[REQUIRED ACTION]:
Apart from the pictures, print the data below exactly as given.

[INFORMATION PROVIDED]:
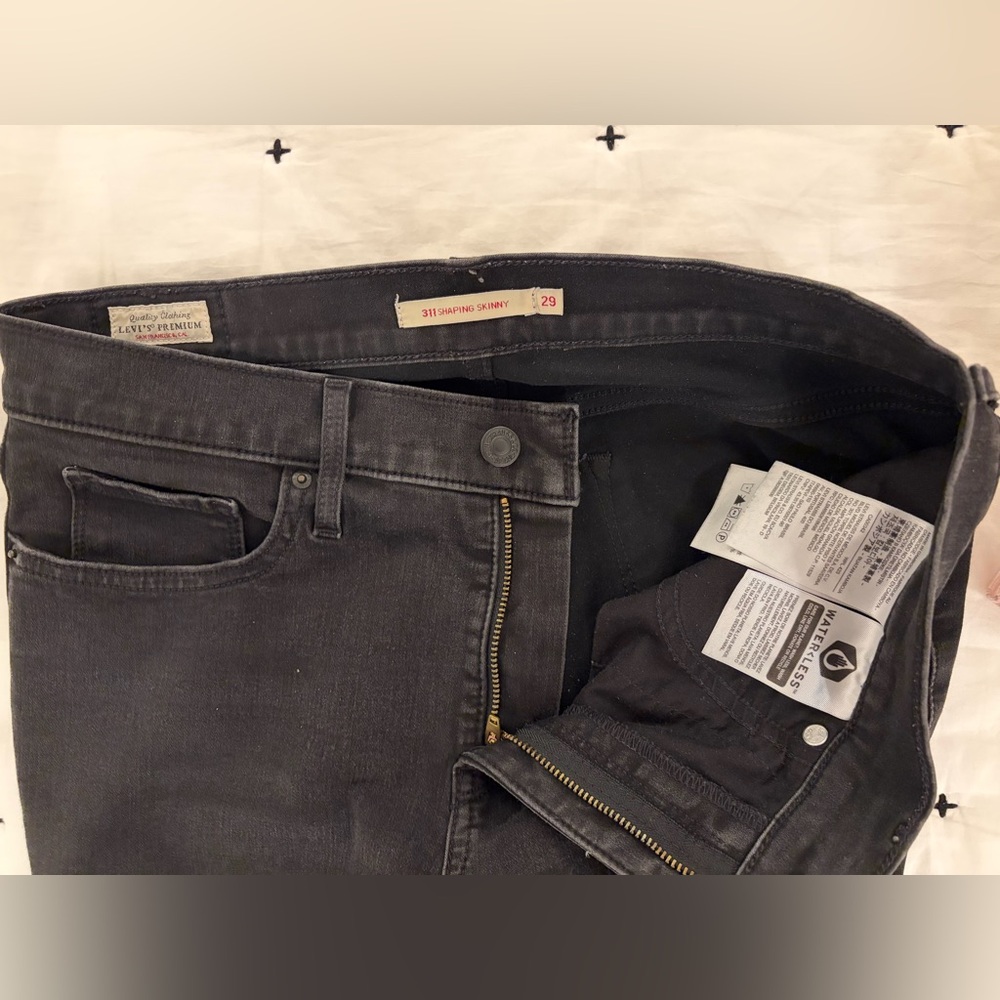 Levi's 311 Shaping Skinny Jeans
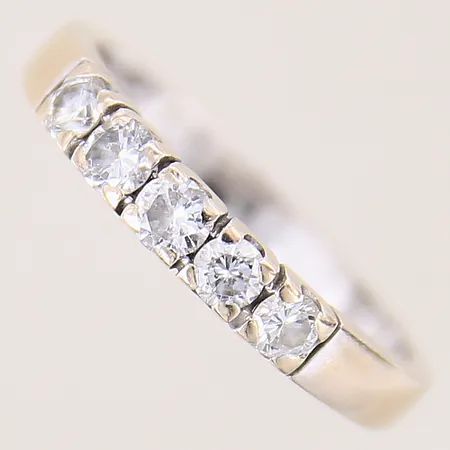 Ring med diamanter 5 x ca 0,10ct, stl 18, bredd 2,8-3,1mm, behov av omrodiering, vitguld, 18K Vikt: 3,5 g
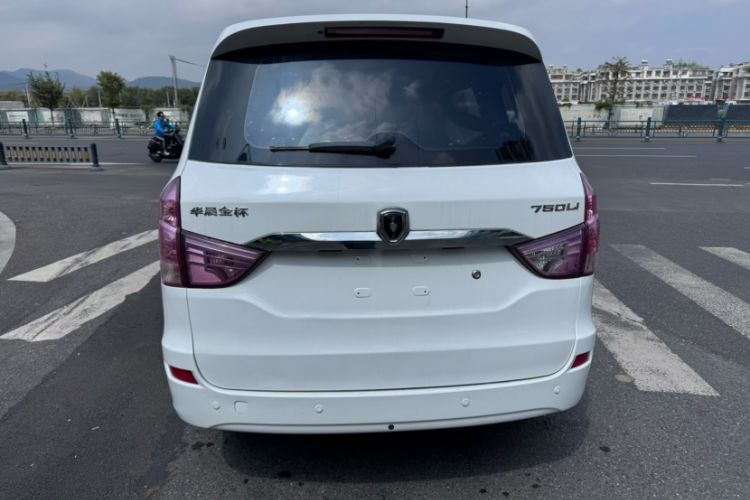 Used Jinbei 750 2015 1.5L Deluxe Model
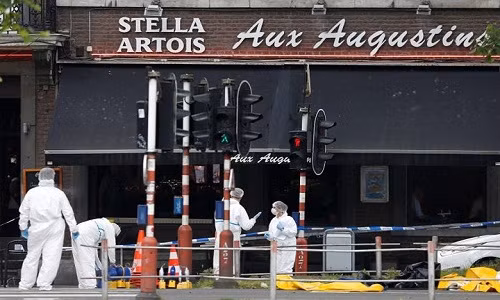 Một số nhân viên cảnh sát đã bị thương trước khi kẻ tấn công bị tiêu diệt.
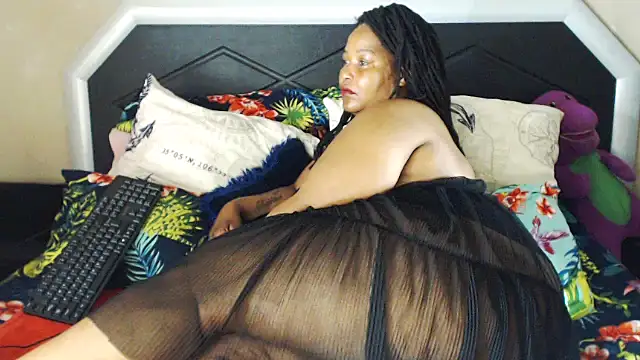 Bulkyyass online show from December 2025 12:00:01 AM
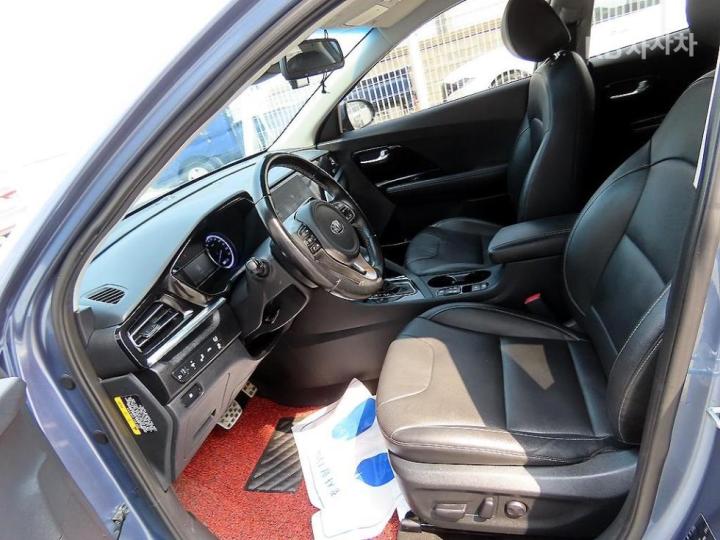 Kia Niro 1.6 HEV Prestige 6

[YOUR RESPONSE]:
 Levi's 311 Shaping Skinny Jeans
 Ring med diamanter 5 x ca 0,10ct, stl 18, bredd 2,8-3,1mm, behov av omrodiering, vitguld, 18K Vikt: 3,5 g
 Used Jinbei 750 2015 1.5L Deluxe Model
 Một số nhân viên cảnh sát đã bị thương trước khi kẻ tấn công bị tiêu diệt.
 Bulkyyass online show from December 2025 12:00:01 AM
 Kia Niro 1.6 HEV Prestige 6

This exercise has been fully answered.